The XML error messages returned by the service will always include four elements; these are listed in Table 10-7.

To make it easier for our FPS client implementation to detect errors, we will define an extra method specifically for this service that will perform query requests and check the resulting XML document for errors. Example 10-2 defines the method do_fps_query, which uses the standard AWS do_query method to send a request to the service and then performs the extra work of parsing the result document and checking its status. If the operation did not succeed, the method raises an FpsServiceError.

Because the structure of an XML error message returned by FPS is different from the structure of errors from other the other AWS services, we will use a specialized error class to interpret these errors. Example 10-3 defines a class called FpsServiceError that extends Ruby’s default RuntimeError object to store the additional error response information made available by FPS.

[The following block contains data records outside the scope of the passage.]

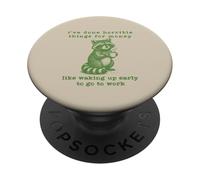 Work Humor Waking Up Early Funny Raccoon Gag Joke Retro 90s PopSockets Adhesive PopGrip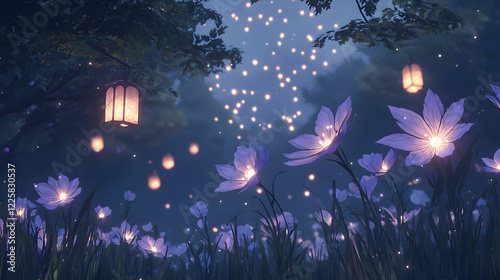A beautiful meadow stretches with oversized purple flowers, each softly glowing in the dark. Fireflies hover around, emitting a warm golden light.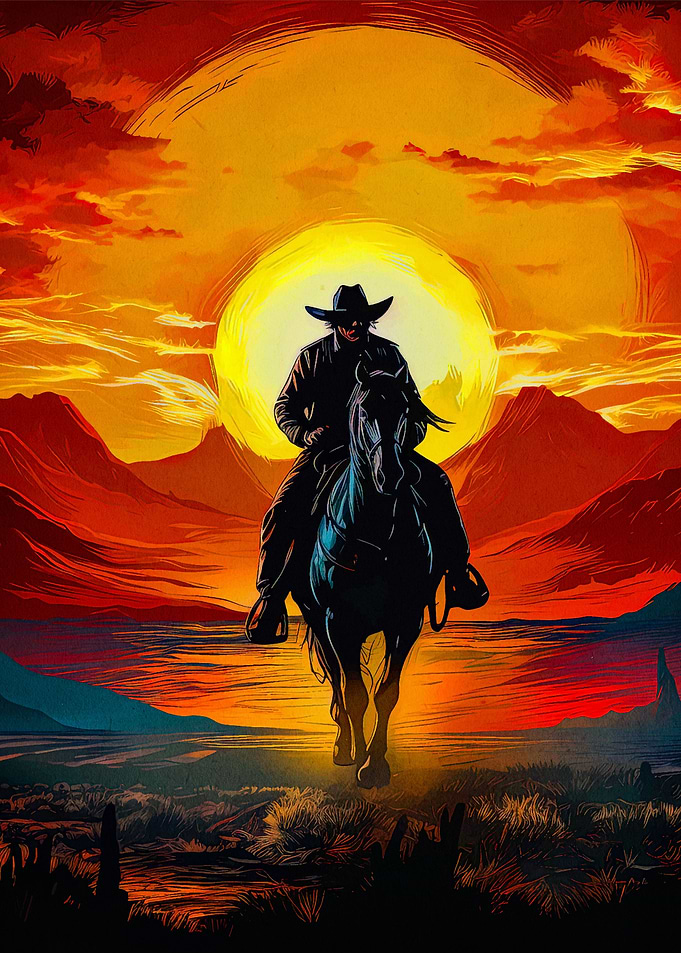 cowboy in the desert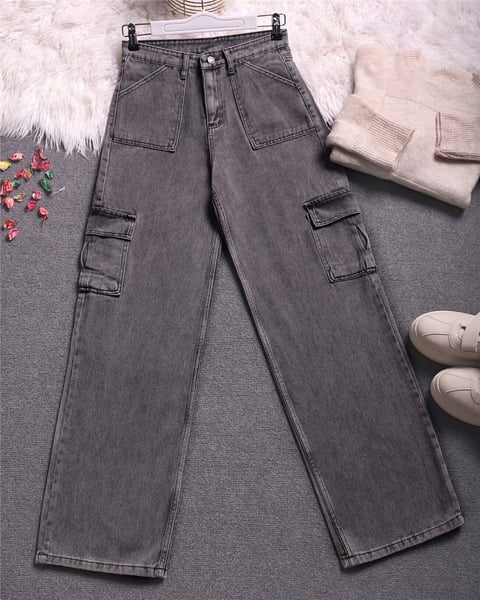 Kargo Cepli Bol Paça Kot Pantolon  -Füme-Kot Pantolon-318-4833-R18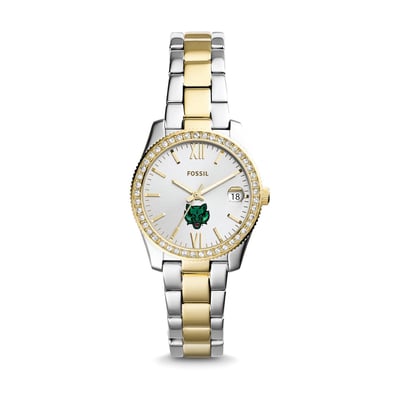 Binghamton Bearcats Fossil Women's Scarlette Mini Two-Tone Stainless Steel Watch - Silver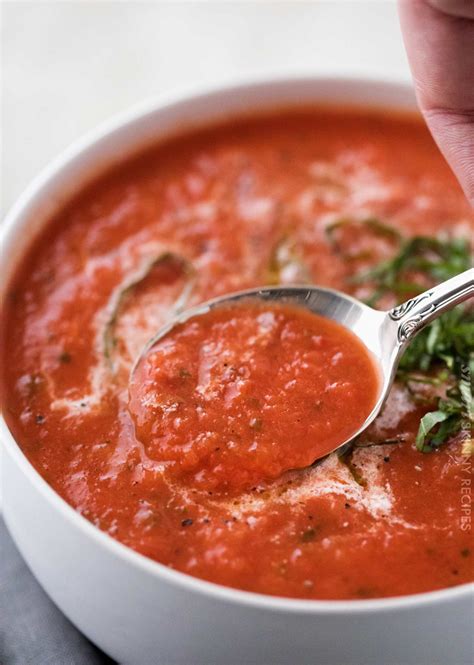 Tomato Basil Soup Using Pesto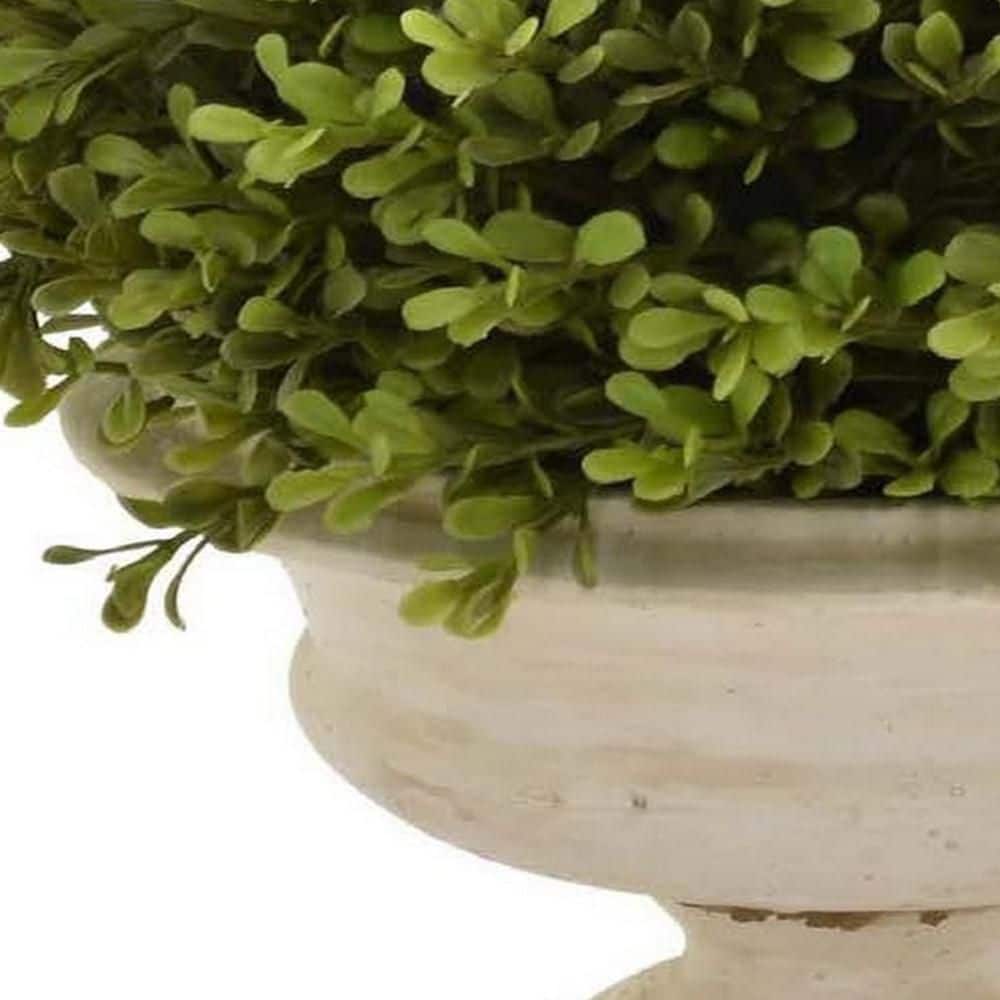 15-Inch Green Faux Boxwood Topiary Plant in Off-White Urn Pot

This class is initialized with an XML document from which it retrieves the value of the four common elements in an FPS XML error response document. These values are made accessible from outside the class through the code, reason, type, and retriable accessors.

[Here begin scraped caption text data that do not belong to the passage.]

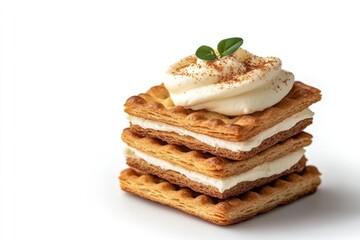 One artisan-style cracker layered with whipped cream cheese and a touch of paprika for garnish, isolated on white background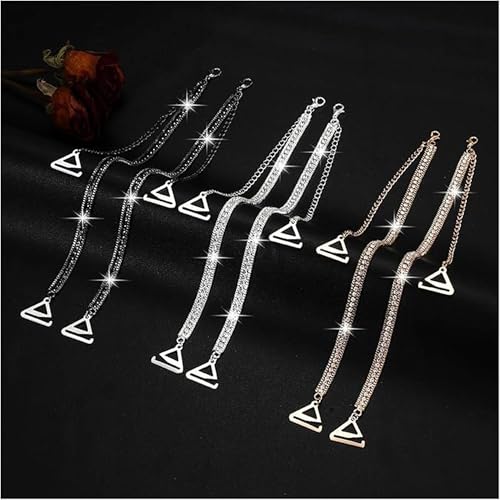 Image of CURATED CART 2 Pcs Adjustable Rhinestone Bra Straps for Women - Non-Slip Bling Shoulder Straps - Sexy Crystal Dress Accessories - Replacement for Wedding, Party Outfits and Beachwear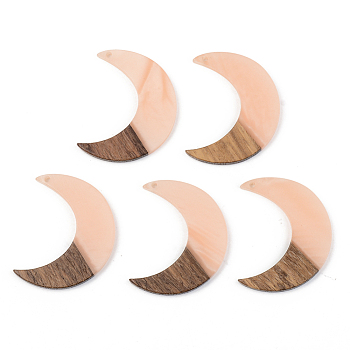 Opaque Resin & Walnut Wood Pendants, Moon, Light Salmon, 38x30x3mm, Hole: 2mm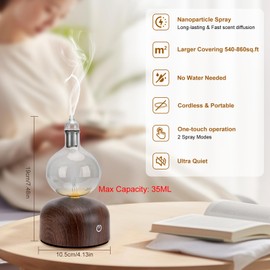 Lychee Rechargeable Waterless Essential Oil Diffuser, Aromatherapy Spray Glass Oil Diffuser, Touch Control with 2 Modes,Travel Portable，Silent Operation and Auto-Off Yellow Light for Home Office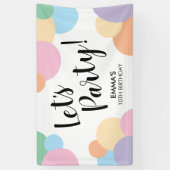 誕生日パーティレインボーバルーンドット名バナー 横断幕 (縦)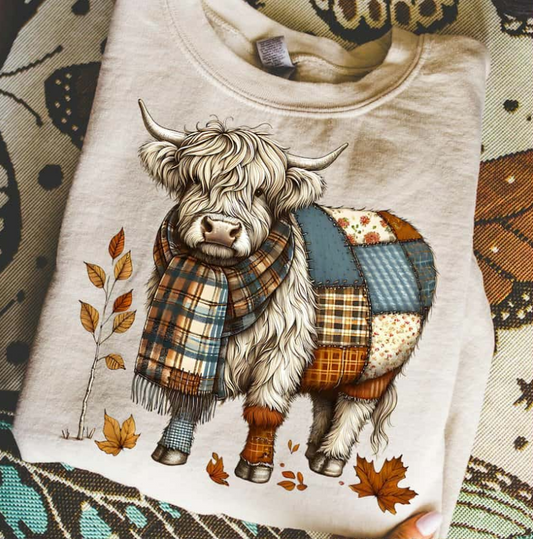 Patchwork fall cow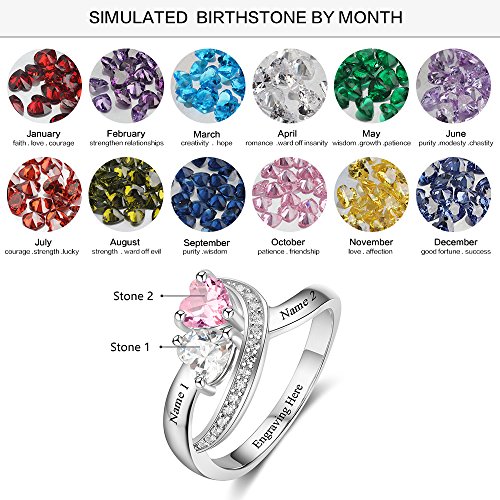 Personalized Promise Rings for Her with 2 Simulated Birthstone Custom 2 Names Engagement Wedding Bands Jewelry for Women2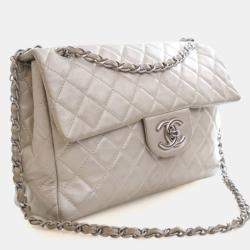 Pre Owned حقيبة شانيل كبيرة رفرف واحد كلاسيكية جلد خروف قديم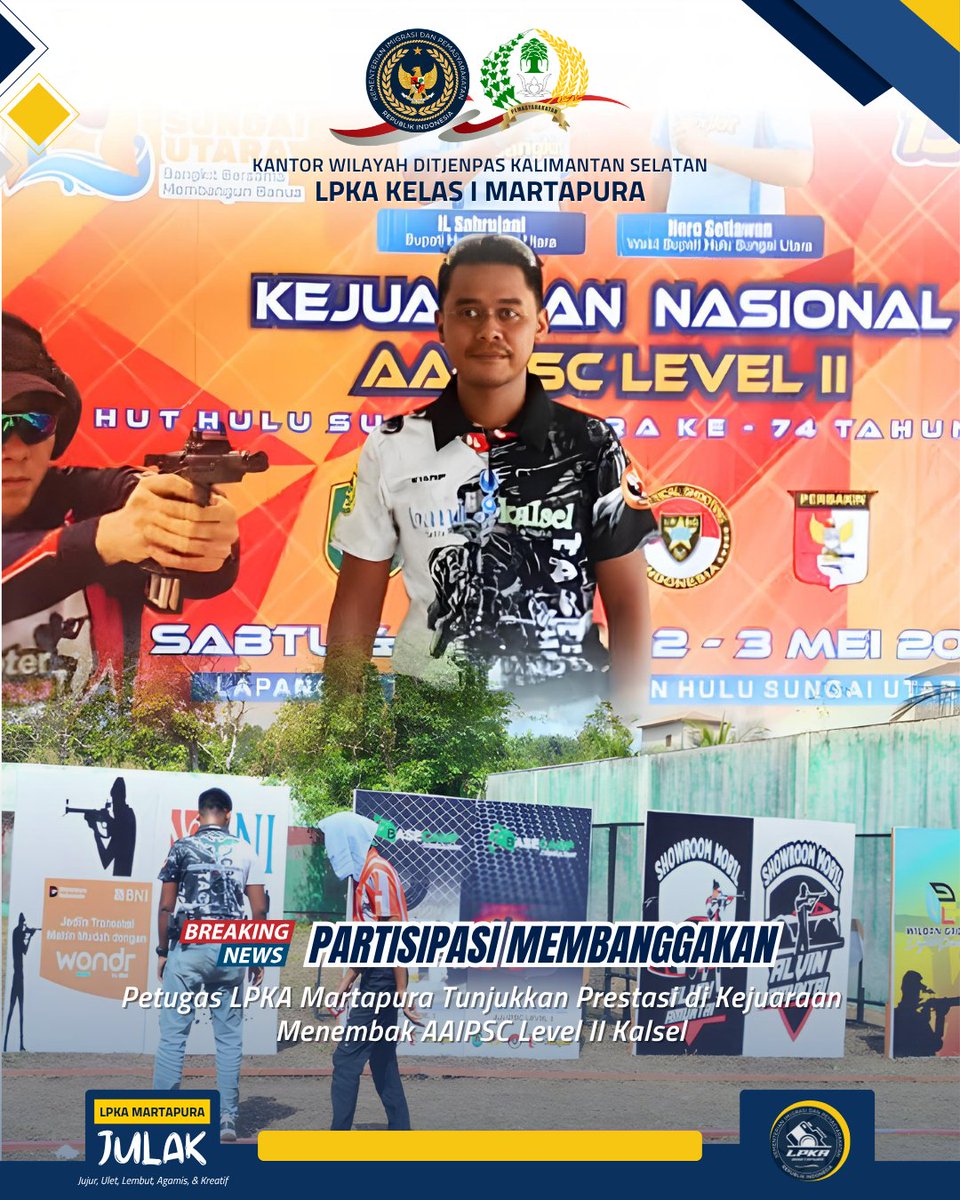 lpkamartapura's tweet photo. Petugas LPKA Martapura, Akhmad Syarifudin, turut berpartisipasi dalam Kejuaraan Menembak AAIPSC Level II yang berlangsung di Kabupaten Hulu Sungai Utara, Kalimantan Selatan.
#LPKAMartapura
#ditjenpas
#Pemasyarakatan
#AAIPSCLevelII
#PERBAKIN
#Olahraga
#Menembak https://t.co/pHWwEKU0fk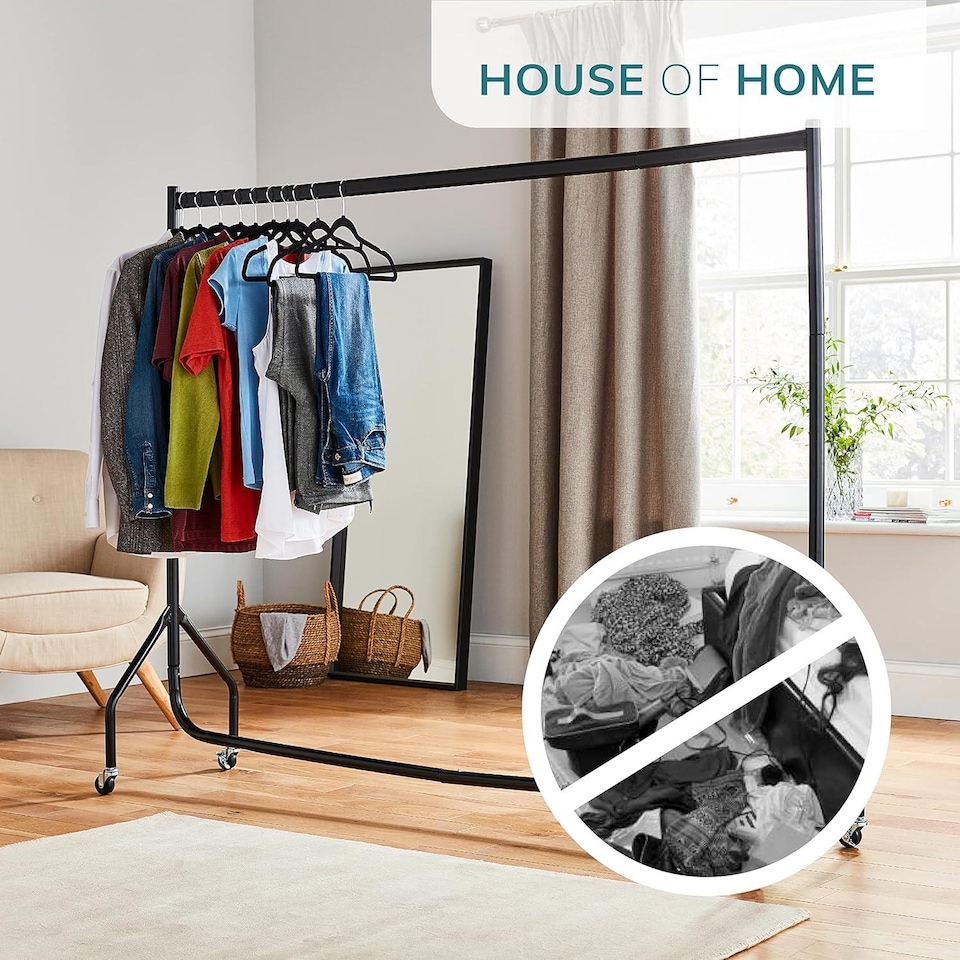 image 1 of House of Home Heavy Duty Clothes Rail Home Shop Garment Hanging Display Stand Rack 6ft | Black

FPS API transaction operations are idempotent. This means that even if a particular API transaction request message is sent to the service multiple times, it will only ever be acted upon once. This feature is very important in a financial service because it removes the risk that network or application glitches will result in transactions being repeated by mistake. When FPS receives a transaction request message with parameters that are identical to a message it has already received, it will do nothing but return the original response message to the client.

To make each of your transaction requests unique, the API operations require that you provide a caller reference value of up to 50 characters that uniquely identifies each request. This string reference value should be generated by your application in a way that ensures it will always be unique. Your application may be able to use an order code as a unique reference value for each transaction or a sequence number from a database. This feature allows your application to obtain response information for requests when the original response failed to arrive due to networking problems.